▸ **About this exercise**
Without including any picture, return the complete set of records exactly.

▸ **Task material**
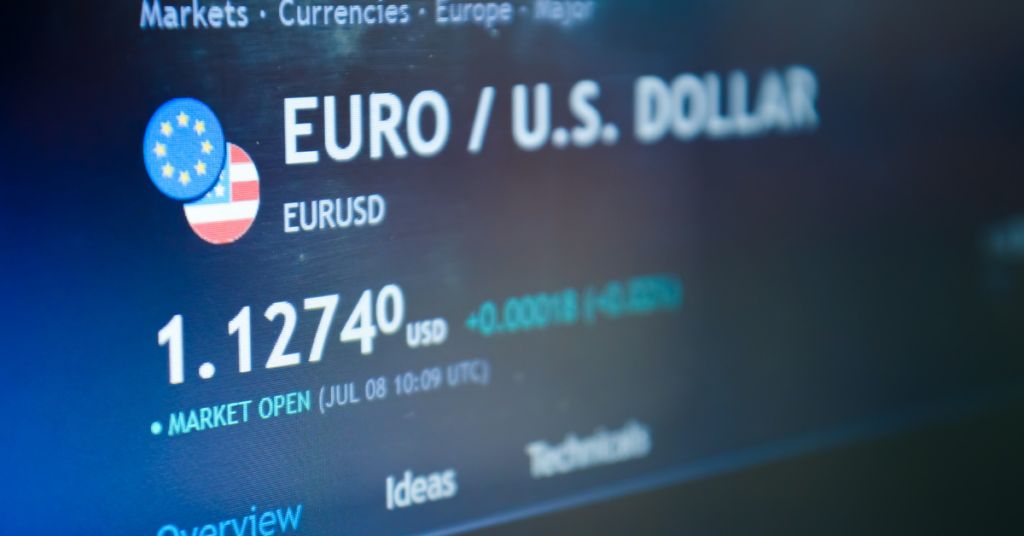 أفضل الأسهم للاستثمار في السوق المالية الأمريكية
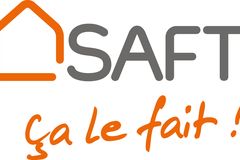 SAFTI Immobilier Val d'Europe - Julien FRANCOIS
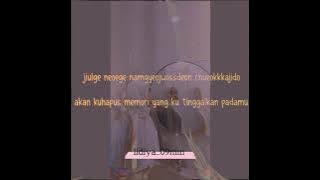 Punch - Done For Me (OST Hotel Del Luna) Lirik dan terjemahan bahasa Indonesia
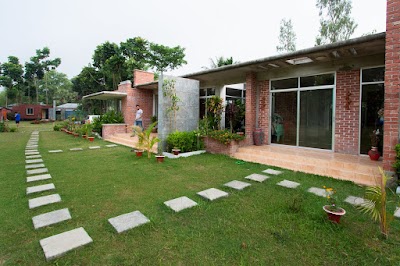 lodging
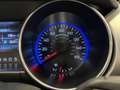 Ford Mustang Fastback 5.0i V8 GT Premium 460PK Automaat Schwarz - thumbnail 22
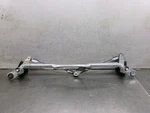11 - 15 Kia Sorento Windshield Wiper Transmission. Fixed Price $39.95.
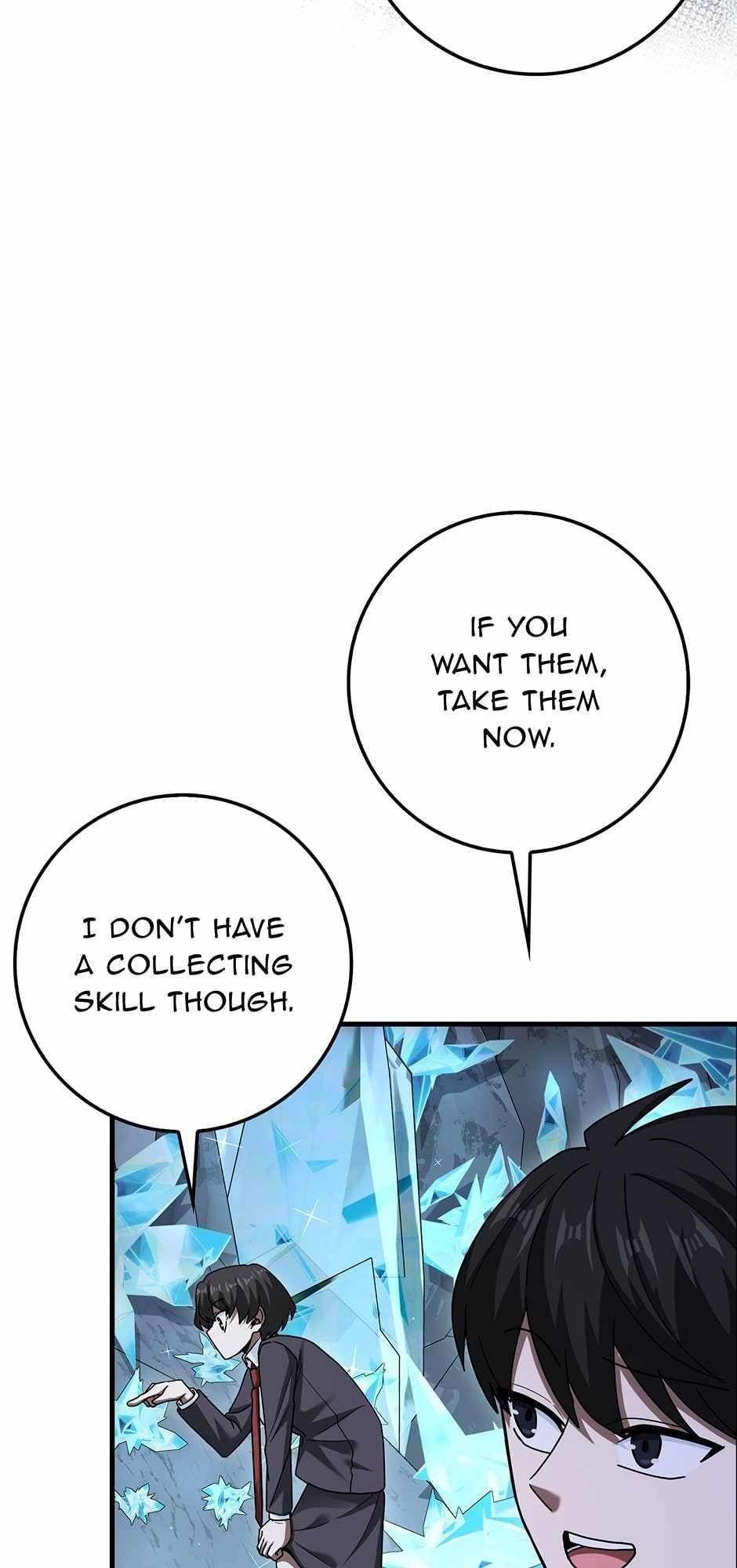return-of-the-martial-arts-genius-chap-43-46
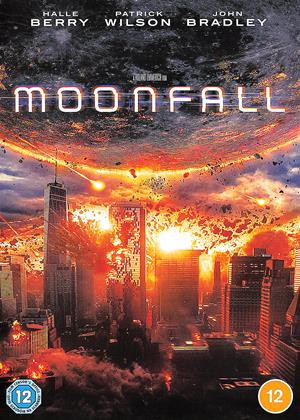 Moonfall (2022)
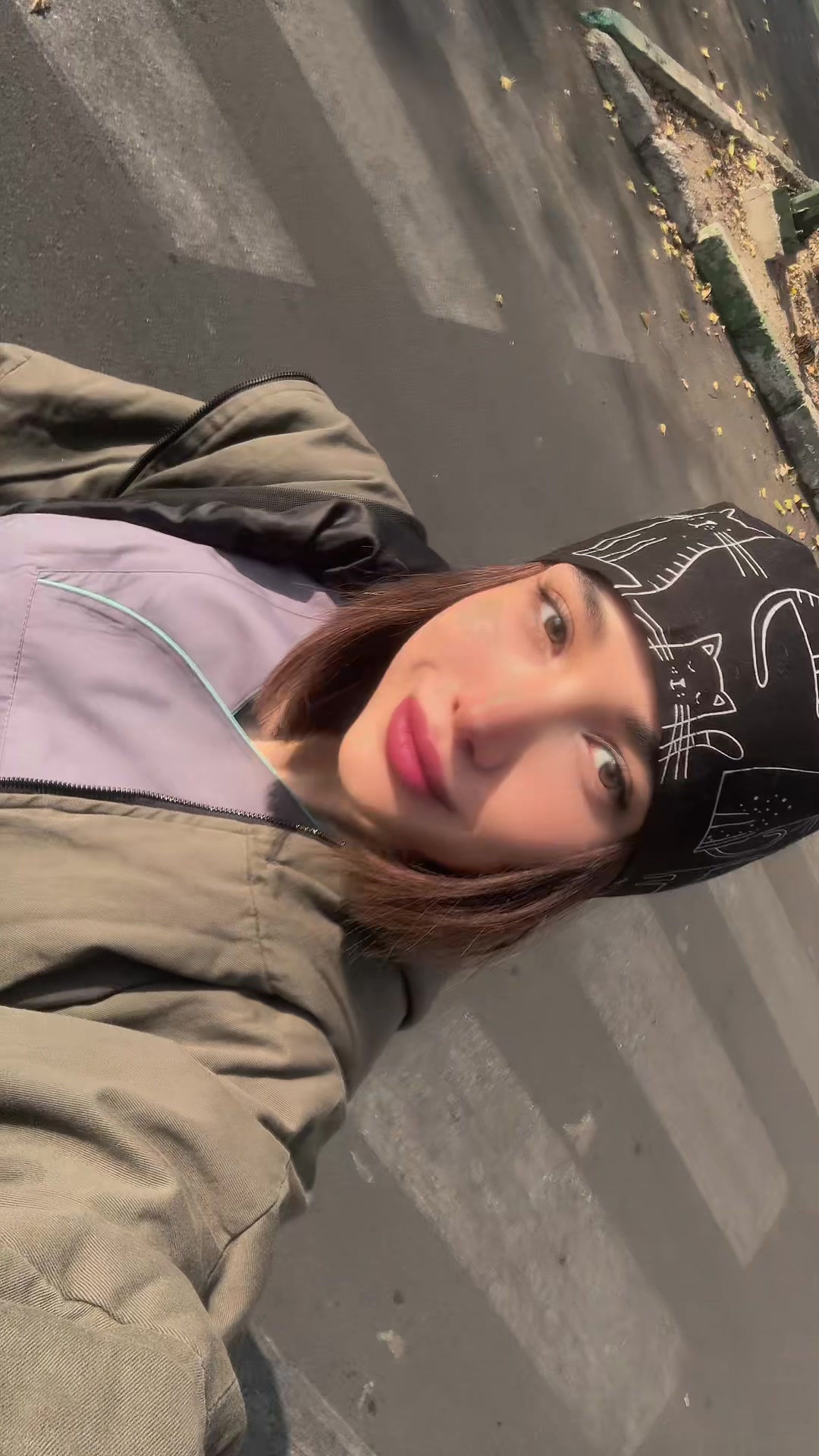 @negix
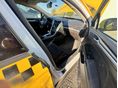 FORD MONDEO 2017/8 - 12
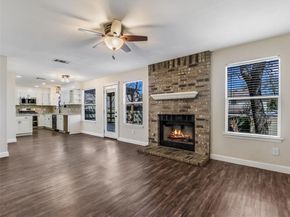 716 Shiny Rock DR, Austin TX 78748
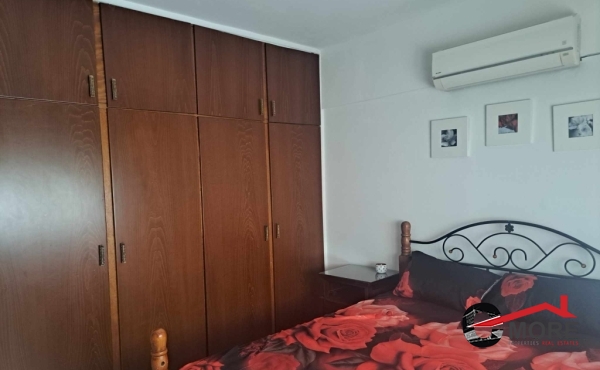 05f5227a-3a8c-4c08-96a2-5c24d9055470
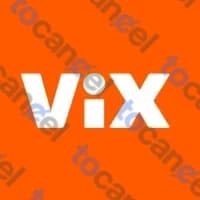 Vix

▸ **Answer space**
 أفضل الأسهم للاستثمار في السوق المالية الأمريكية
 SAFTI Immobilier Val d'Europe - Julien FRANCOIS
 Punch - Done For Me (OST Hotel Del Luna) Lirik dan terjemahan bahasa Indonesia
 lodging
 Ford Mustang Fastback 5.0i V8 GT Premium 460PK Automaat Schwarz - thumbnail 22
11 - 15 Kia Sorento Windshield Wiper Transmission. Fixed Price $39.95.
return-of-the-martial-arts-genius-chap-43-46
 Moonfall (2022)
 @negix
 FORD MONDEO 2017/8 - 12
 716 Shiny Rock DR, Austin TX 78748
 05f5227a-3a8c-4c08-96a2-5c24d9055470
 Vix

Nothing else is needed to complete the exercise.